The amount being discussed, $100 million, sounds large but in fact represents only a little over 4 percent of the entire government corporation’s budget. Over 80 percent of its money comes from non-federal government sources. If we use a uniform cut of 4.33 percent, in practical terms for Louisiana that would mean about $138,000; uniformally across the state, for example, Shreveport would lose less than $7,000. In other words, it’s just not that much – one good pledge drive, even one generous gift, could make it all up, locally.

Of course, opponents have trotted out the well-worn playbook saying the cuts would impact the best-received, most popular programs. Right; I’d like to see station mangers cut these and then expect the pledge drives and business commitments (over 40 percent of total funding) to do as well. No, they are sensible folks, and, if any scaling back of programming occurs, it will be with the deadweight.

A good place to start would be opinion shows that consistently display a liberal bias. Finally running Bill Moyers into retirement is a great start, but more work can be done, as evidenced by the CPB’s own objectivity surveys (they are required to produce such reports annually). Over a fifth of consumers of its television (PBS) and radio (NPR) say there is a liberal bias (much smaller proportions chip in they actually think there’s a conservative bias – must be Howard Dean fans).

The CPB’s pollsters try to spin this argument by pointing out major news networks are seen by their respondents as even more liberally biased, so they argue their focus groups show:

There is a core segment of the population that will always contend that all news media is biased no matter what. In other words, many people are simply “jumping on the bandwagon” and saying PBS and/or NPR are biased only because they believe all news media are biased and they do not distinguish between specific news organizations and the news media in general.

Only in an era of grade inflation in education could somebody come up with such a backwards conclusion.

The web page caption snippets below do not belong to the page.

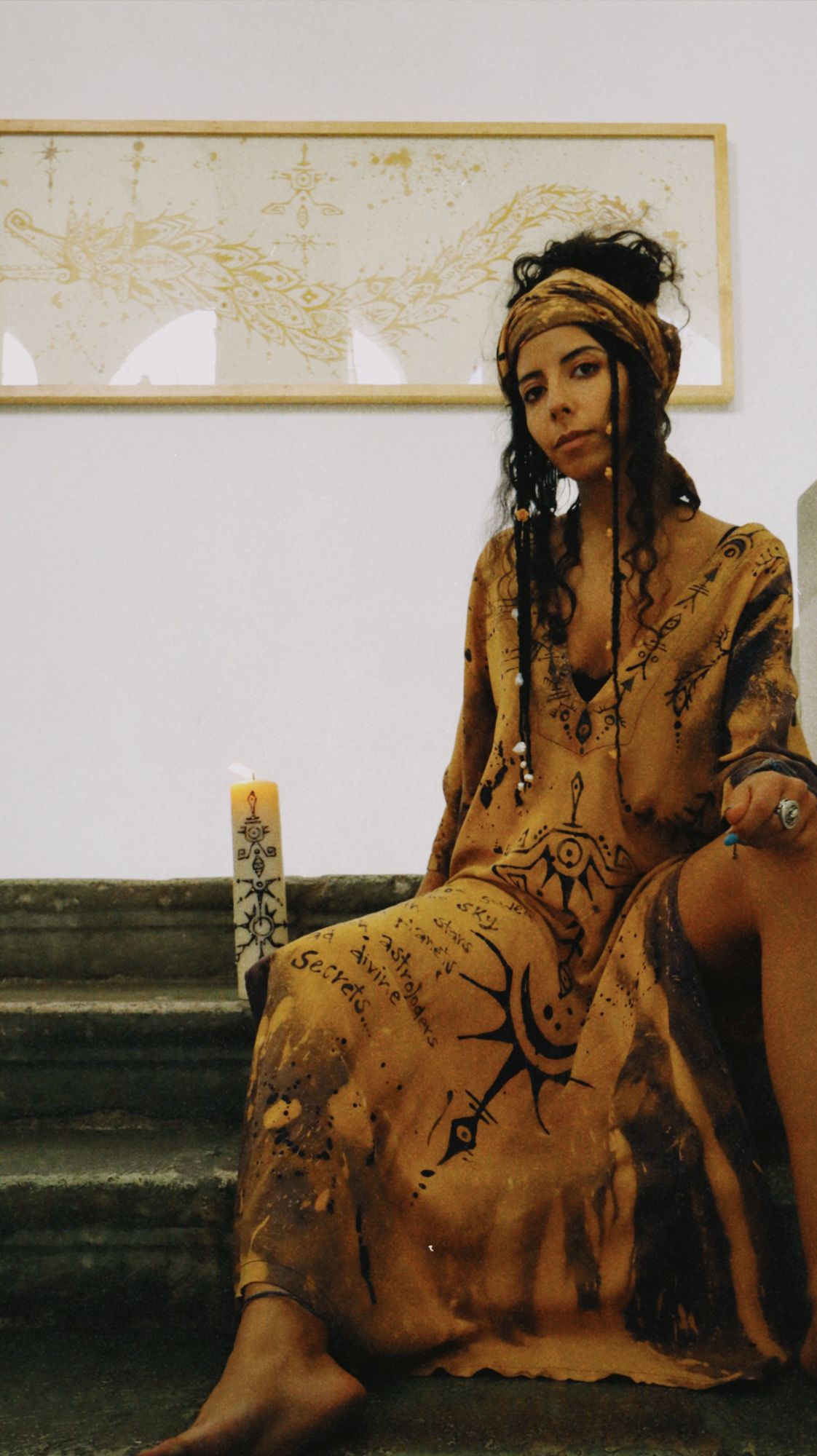Pau seated on stone stairs beside a candle, wearing a ceremonial garment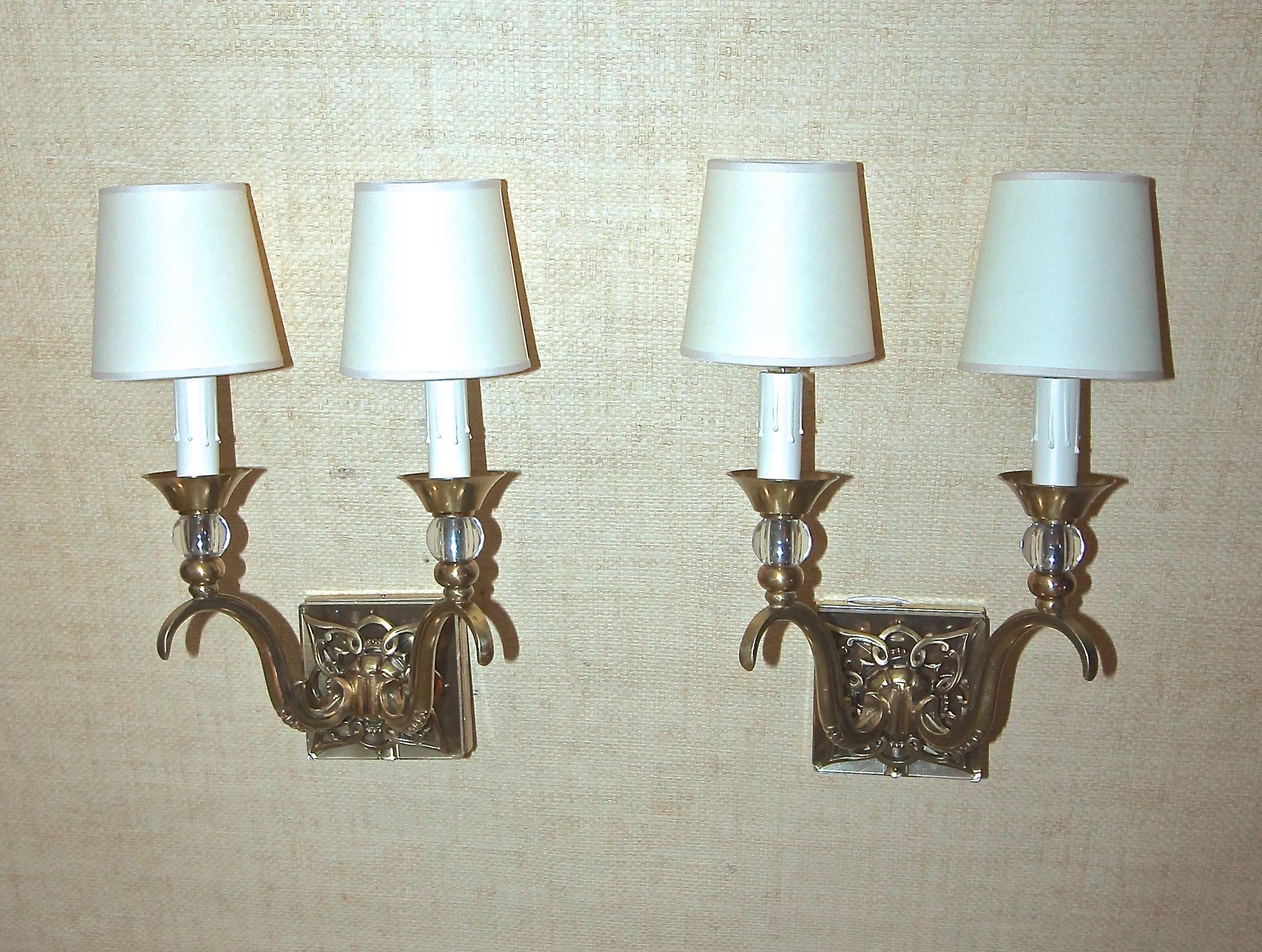 Pair of elegant French two-arm bronze or brass and crystal wall sconces attributed to Jules Leleu. Each sconce uses 2 - 40 watt max candelabra base bulbs, newly wired. Paper shades are included. Overall height with shades 14", without shades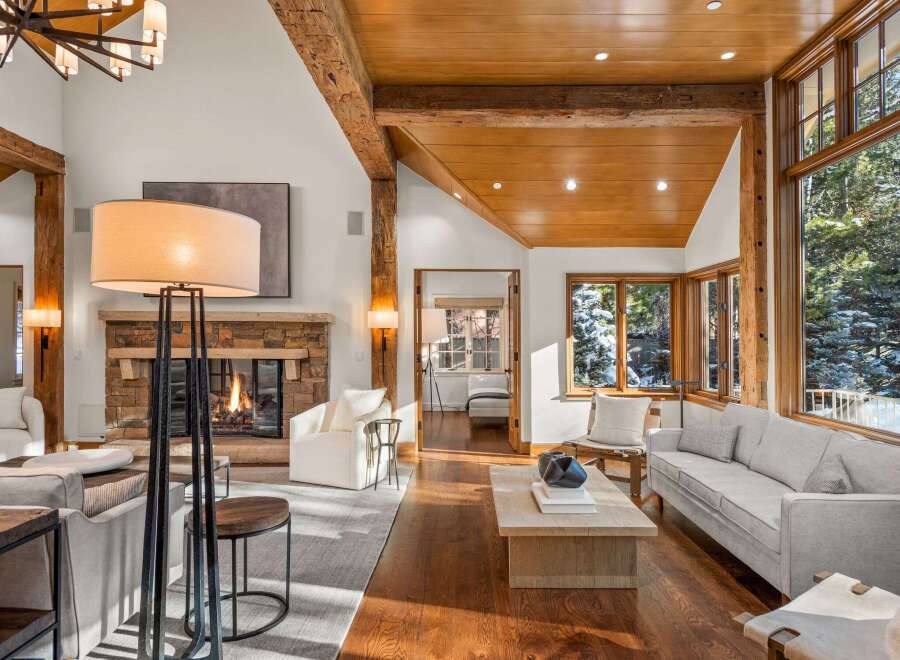 This stunning living room boasts a cozy fireplace, large windows offering breathtaking views, and hardwood floors.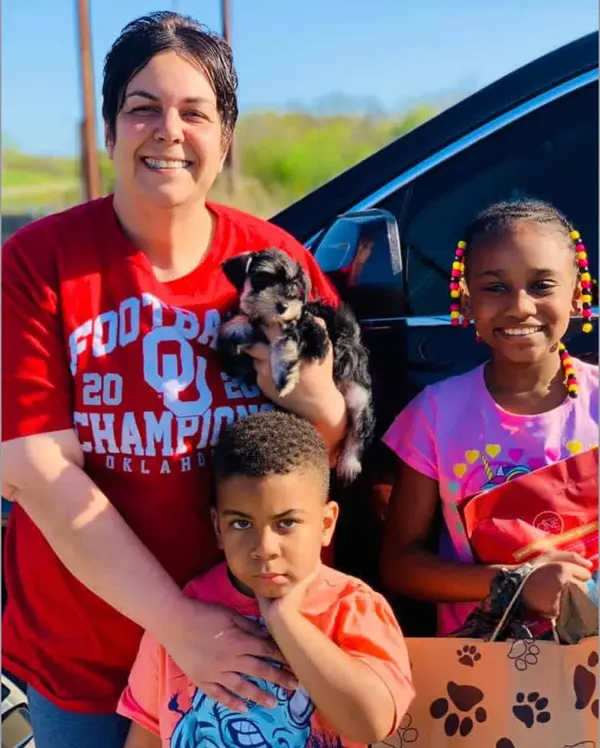 A Showtime Pups puppy with its new family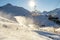 Scenic panoramic view of alpine peaks with ski lift ropeway on hilghland mountain winter resort and snow making machines on bright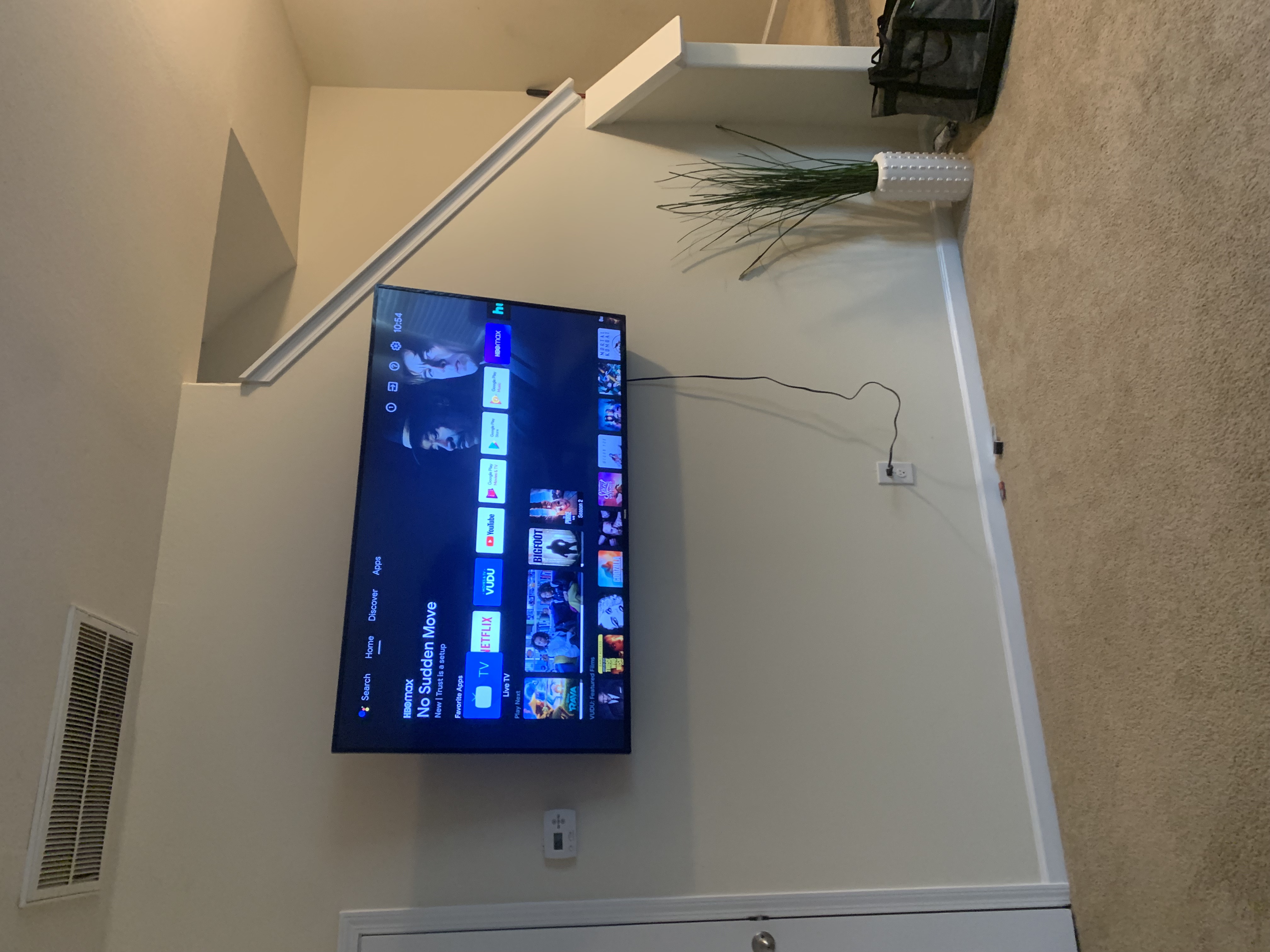 Tilting TV mounting on drywall wall in living room, service area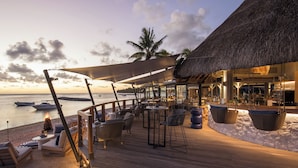 A wooden deck with outdoor seating, a thatched-roof structure, and a view of the ocean. - Elegant 3-Bedroom Villa / Sea View & Bel Ombre Setting (Bel Ombre)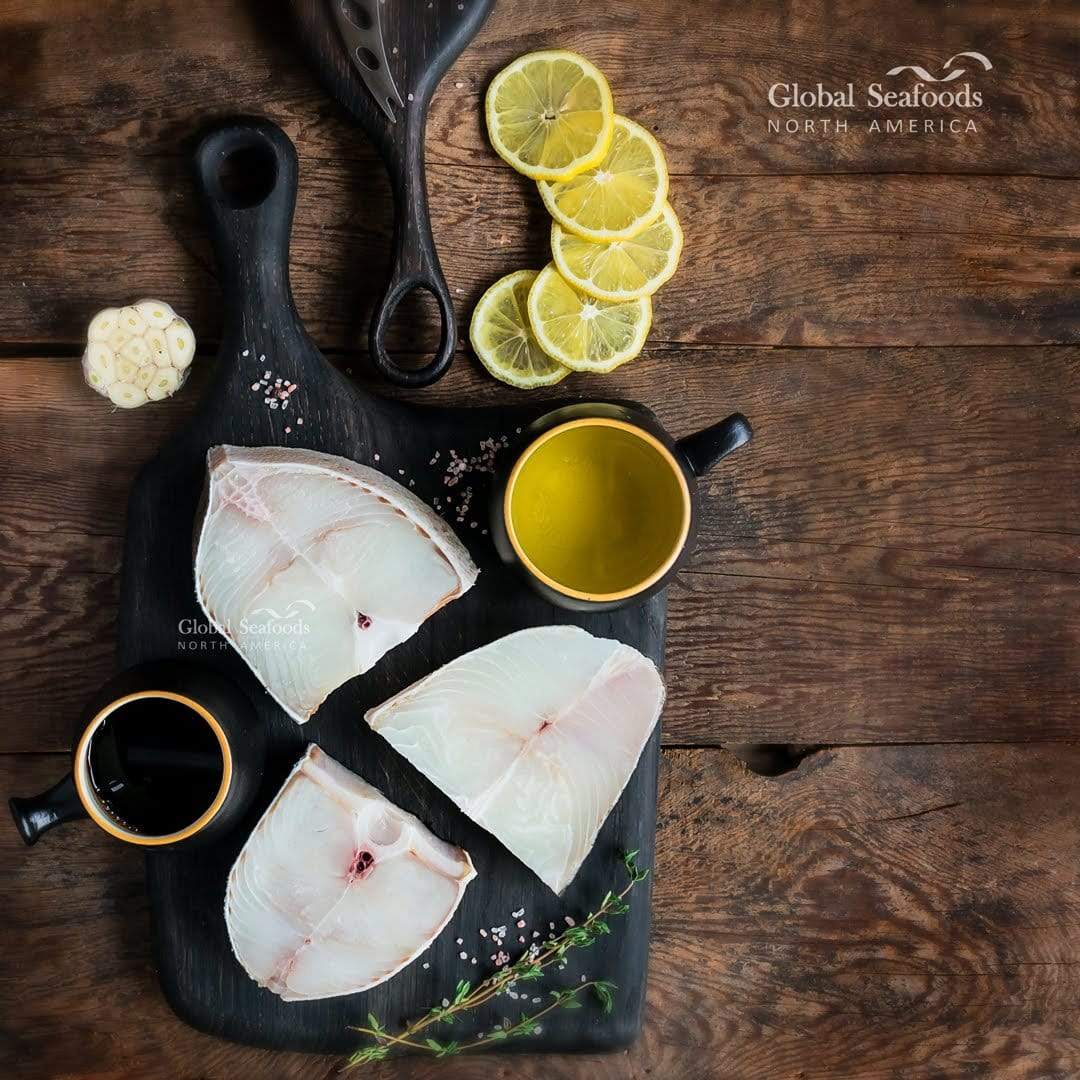 Array of fresh ingredients for poached halibut recipe, including mirin, shallots, fresh herbs, and halibut fillets, arranged neatly on a kitchen countertop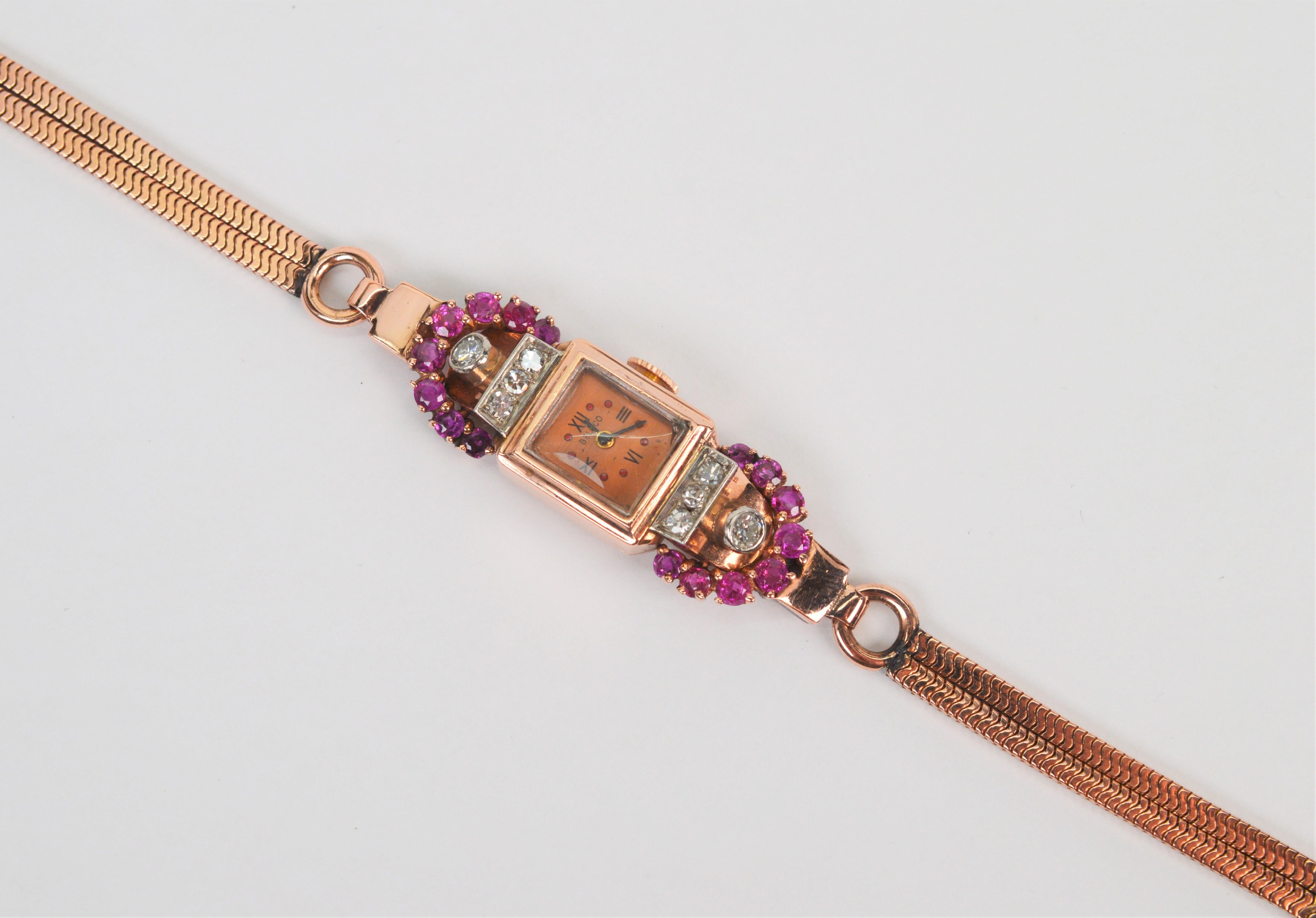 Montre-bracelet art déco en or rose 14 carats avec rubis et diamants en vente 14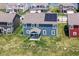 Aerial view of the back of a blue home with solar panels, a covered patio and a large yard at 9053 Fitzgerald Dr, Indianapolis, IN 46239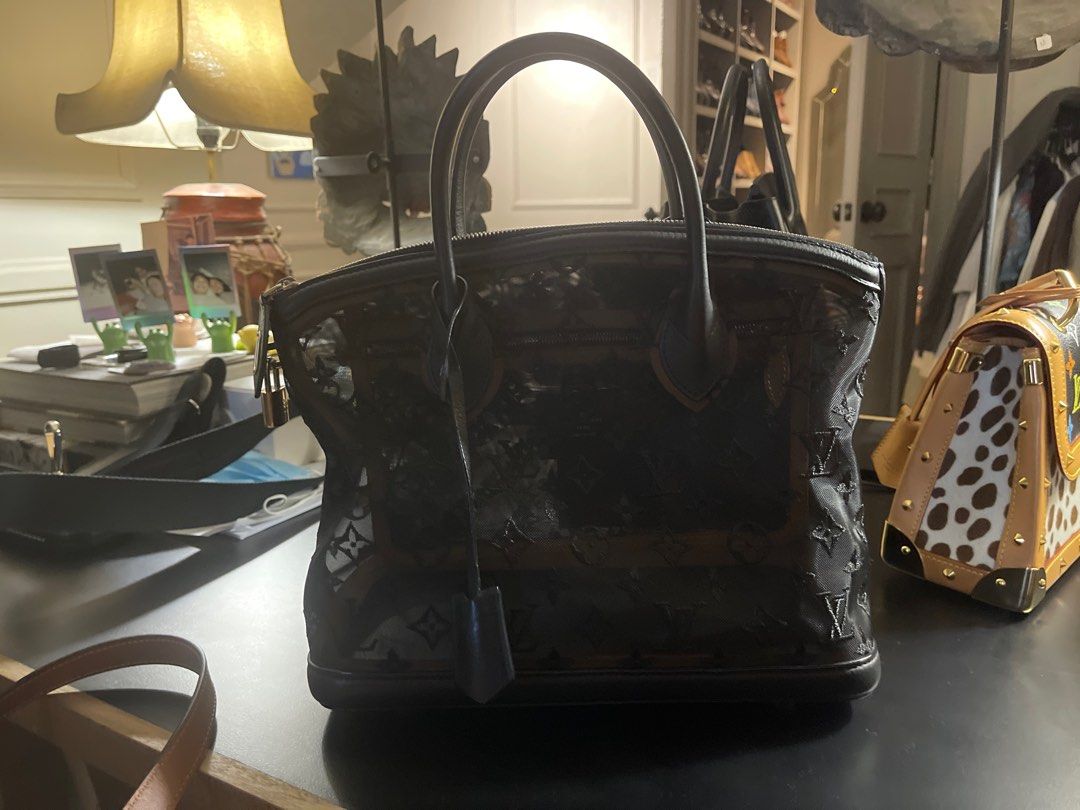 Louis Vuitton Limited Edition Transparence Lockit Bag (Category: Luxury Bags & Wallets) located in Mandaluyong City. Submitted by olachicoas (Listing ID 1289678828, Image 3). Description: 2012 Louis Vuitton Limited Edition Lockit Bag Nior (Black) Transparence Date Code: FO3172 30 cm L x 25 cm H x 15 cm D.
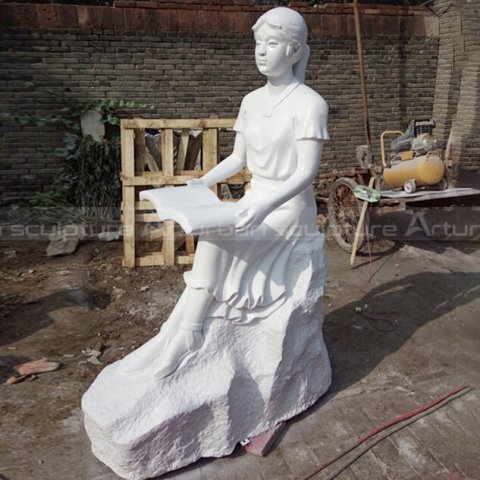 girl reading outdoor statue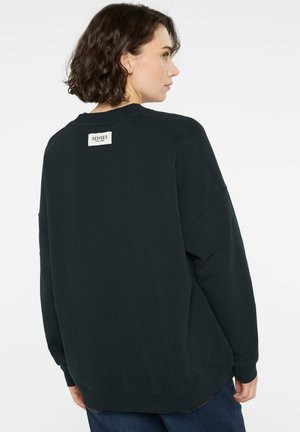 Dunkelgrünes, übergroßes Sweatshirt mit Rundhalsausschnitt, gerippten Bündchen und Saum. Verfügt über ein Branding-Etikett am oberen Rückenausschnitt. Weicher, strukturierten Stoff.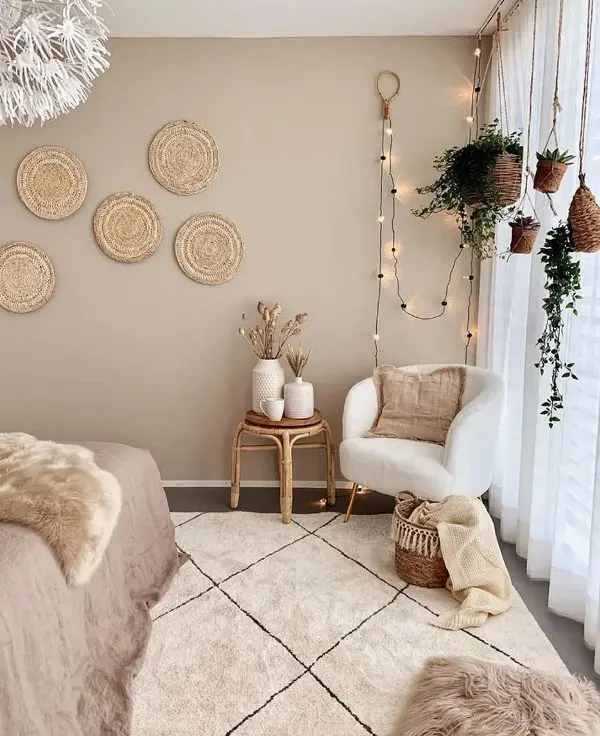 a boho bedroom with taupe walls, a bed, a creamy chair, a rattan stool, hanging potted greenery, decorative woven plates and layered rugs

If people “do not distinguish between specific news organizations and the news media in general,” then why is it that they do differentiate between the CPB and others by giving different very scores (one-third compared to one-fifth)? Doesn’t it make far more logical sense to say the people who say there is bias do so because it’s really there? What if they polled the public and found a third disliked Coke and while a fifth disliked Pepsi? Would it then be logical to conclude that at least 20 percent of the country dislikes all soft drinks?

Or an even easier solution is to just cut off all subsidies to Pacifica Radio stations. Much of what they broadcast is so horrendously slanted and contrafactual that it’s worthless yet $1.2 million a year has been going to this arm of the kook left (and now that it has Dead-Air America, why should taxpayers’ dollars support this lunacy?).

Don’t be fooled, with so many other greater priorities out there, as Congress has made clear, it’s about time to trim the fat from the CPB represented by its politically-biased content anyway. If the public really supports public broadcasting, no doubt it will step up during pledge time.